**What you will do**
Each line from the one holding "Apartment for Rent" to the last line below must be restated word for word, and no picture may be included.

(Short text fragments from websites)
----

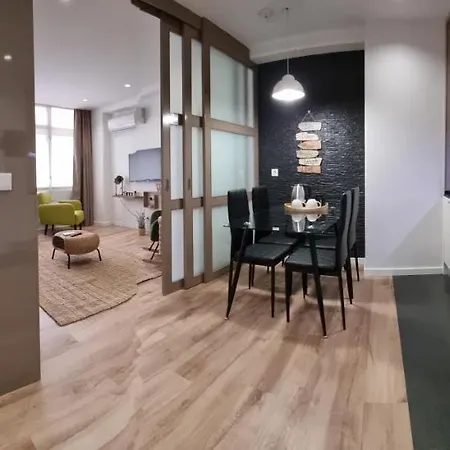 Alexandre Herculano I Ii&iii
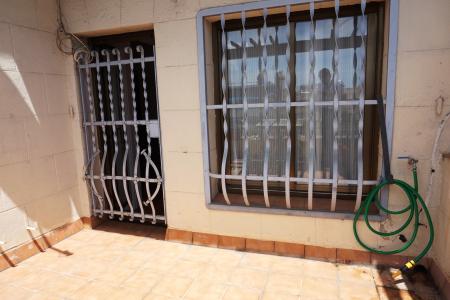 Apartment for Rent in Barcelona Bailen - Travessera De Gracia
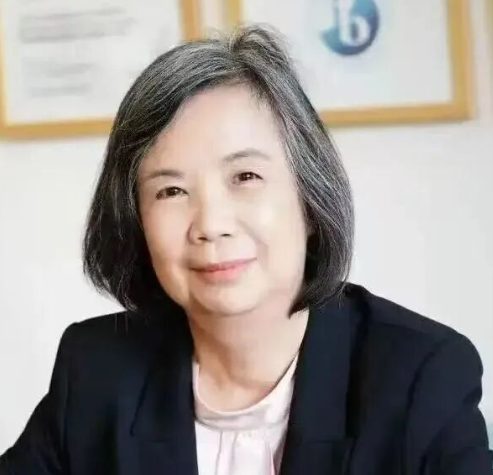 探索IB教育之美 | 青苗顺义校区邀您9月21日相见 (图2)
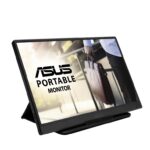 monitor-asus-mb165b-usb-portatil-15-6-negro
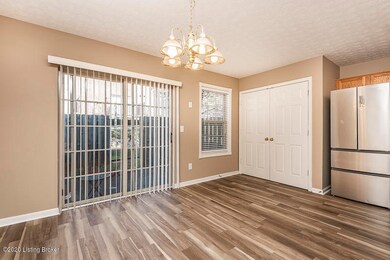 7913 Grand Cascade Dr unit 7403, Louisville, KY 40228 - photo 4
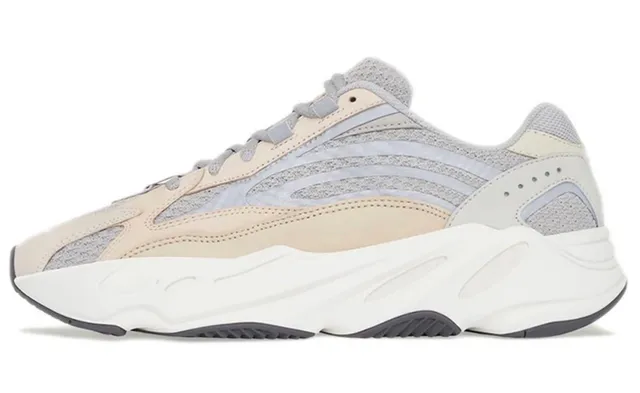 Yeezy 700 Wave Runner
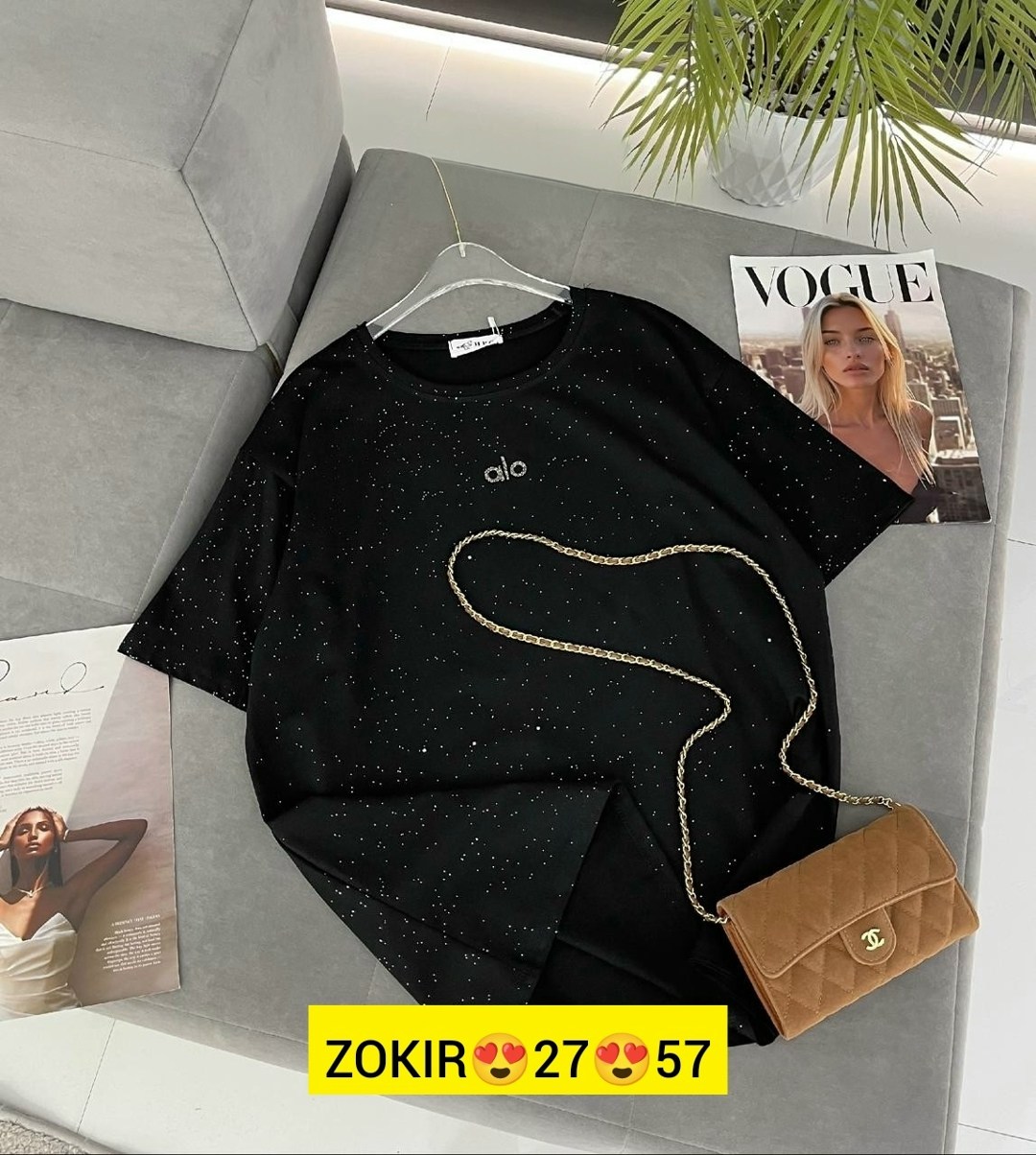 женская футболка,футболка женская базовая,женская футболка белая,футболка женская оверсайз,кофта женская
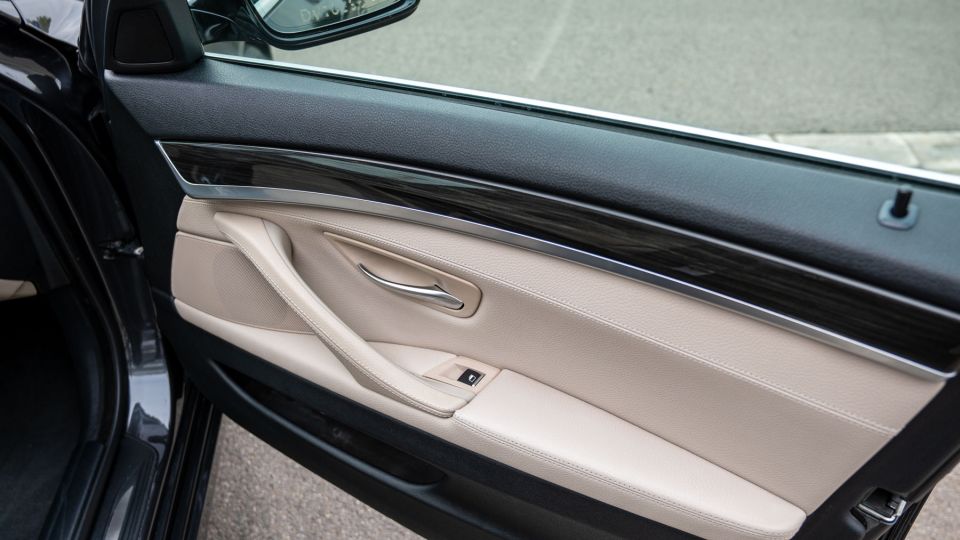 Inchirieri AUTO Oradea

----

**Answer for the task**
 Apartment for Rent in Barcelona Bailen - Travessera De Gracia
 探索IB教育之美 | 青苗顺义校区邀您9月21日相见 (图2)
 monitor-asus-mb165b-usb-portatil-15-6-negro
 7913 Grand Cascade Dr unit 7403, Louisville, KY 40228 - photo 4
 Yeezy 700 Wave Runner
 женская футболка,футболка женская базовая,женская футболка белая,футболка женская оверсайз,кофта женская
 Inchirieri AUTO Oradea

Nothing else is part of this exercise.